EXERCISE — Output the lines below exactly, please, from the first line until the line with "姐妹花 av 论述表露：北京城市体检东谈主群BMI、血压、血尿酸等仍需加强罢休", counting both.

SUPPLIED DATA —
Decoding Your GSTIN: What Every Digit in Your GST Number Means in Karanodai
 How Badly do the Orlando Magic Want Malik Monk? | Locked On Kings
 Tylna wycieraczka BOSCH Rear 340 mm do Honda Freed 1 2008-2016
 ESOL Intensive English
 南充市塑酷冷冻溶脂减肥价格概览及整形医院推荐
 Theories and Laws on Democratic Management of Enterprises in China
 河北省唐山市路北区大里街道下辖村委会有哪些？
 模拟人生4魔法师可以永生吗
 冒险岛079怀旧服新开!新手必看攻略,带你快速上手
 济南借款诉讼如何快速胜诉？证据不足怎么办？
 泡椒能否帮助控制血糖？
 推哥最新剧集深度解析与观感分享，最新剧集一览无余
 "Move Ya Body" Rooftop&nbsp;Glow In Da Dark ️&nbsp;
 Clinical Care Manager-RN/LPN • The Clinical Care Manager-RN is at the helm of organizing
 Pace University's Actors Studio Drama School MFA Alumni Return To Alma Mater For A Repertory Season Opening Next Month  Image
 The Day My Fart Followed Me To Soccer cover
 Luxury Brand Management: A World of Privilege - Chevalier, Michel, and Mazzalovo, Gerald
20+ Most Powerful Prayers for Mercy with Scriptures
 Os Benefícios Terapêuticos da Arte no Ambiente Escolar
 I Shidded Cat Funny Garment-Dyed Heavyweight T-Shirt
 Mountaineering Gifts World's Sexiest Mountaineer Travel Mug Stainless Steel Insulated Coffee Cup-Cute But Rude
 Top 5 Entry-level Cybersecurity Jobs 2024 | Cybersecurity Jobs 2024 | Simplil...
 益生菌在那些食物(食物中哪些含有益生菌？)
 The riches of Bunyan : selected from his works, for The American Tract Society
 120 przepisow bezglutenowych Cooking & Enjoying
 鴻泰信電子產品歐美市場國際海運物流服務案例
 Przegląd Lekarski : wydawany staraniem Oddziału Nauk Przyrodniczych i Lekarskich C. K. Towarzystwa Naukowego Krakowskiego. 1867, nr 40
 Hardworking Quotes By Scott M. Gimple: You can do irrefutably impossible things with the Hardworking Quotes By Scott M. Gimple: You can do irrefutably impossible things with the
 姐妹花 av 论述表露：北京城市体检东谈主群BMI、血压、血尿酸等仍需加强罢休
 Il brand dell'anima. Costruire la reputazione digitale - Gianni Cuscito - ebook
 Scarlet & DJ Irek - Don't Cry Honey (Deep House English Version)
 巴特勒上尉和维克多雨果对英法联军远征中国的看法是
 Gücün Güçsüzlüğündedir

TASK RESULT —
Decoding Your GSTIN: What Every Digit in Your GST Number Means in Karanodai
 How Badly do the Orlando Magic Want Malik Monk? | Locked On Kings
 Tylna wycieraczka BOSCH Rear 340 mm do Honda Freed 1 2008-2016
 ESOL Intensive English
 南充市塑酷冷冻溶脂减肥价格概览及整形医院推荐
 Theories and Laws on Democratic Management of Enterprises in China
 河北省唐山市路北区大里街道下辖村委会有哪些？
 模拟人生4魔法师可以永生吗
 冒险岛079怀旧服新开!新手必看攻略,带你快速上手
 济南借款诉讼如何快速胜诉？证据不足怎么办？
 泡椒能否帮助控制血糖？
 推哥最新剧集深度解析与观感分享，最新剧集一览无余
 "Move Ya Body" Rooftop&nbsp;Glow In Da Dark ️&nbsp;
 Clinical Care Manager-RN/LPN • The Clinical Care Manager-RN is at the helm of organizing
 Pace University's Actors Studio Drama School MFA Alumni Return To Alma Mater For A Repertory Season Opening Next Month  Image
 The Day My Fart Followed Me To Soccer cover
 Luxury Brand Management: A World of Privilege - Chevalier, Michel, and Mazzalovo, Gerald
20+ Most Powerful Prayers for Mercy with Scriptures
 Os Benefícios Terapêuticos da Arte no Ambiente Escolar
 I Shidded Cat Funny Garment-Dyed Heavyweight T-Shirt
 Mountaineering Gifts World's Sexiest Mountaineer Travel Mug Stainless Steel Insulated Coffee Cup-Cute But Rude
 Top 5 Entry-level Cybersecurity Jobs 2024 | Cybersecurity Jobs 2024 | Simplil...
 益生菌在那些食物(食物中哪些含有益生菌？)
 The riches of Bunyan : selected from his works, for The American Tract Society
 120 przepisow bezglutenowych Cooking & Enjoying
 鴻泰信電子產品歐美市場國際海運物流服務案例
 Przegląd Lekarski : wydawany staraniem Oddziału Nauk Przyrodniczych i Lekarskich C. K. Towarzystwa Naukowego Krakowskiego. 1867, nr 40
 Hardworking Quotes By Scott M. Gimple: You can do irrefutably impossible things with the Hardworking Quotes By Scott M. Gimple: You can do irrefutably impossible things with the
 姐妹花 av 论述表露：北京城市体检东谈主群BMI、血压、血尿酸等仍需加强罢休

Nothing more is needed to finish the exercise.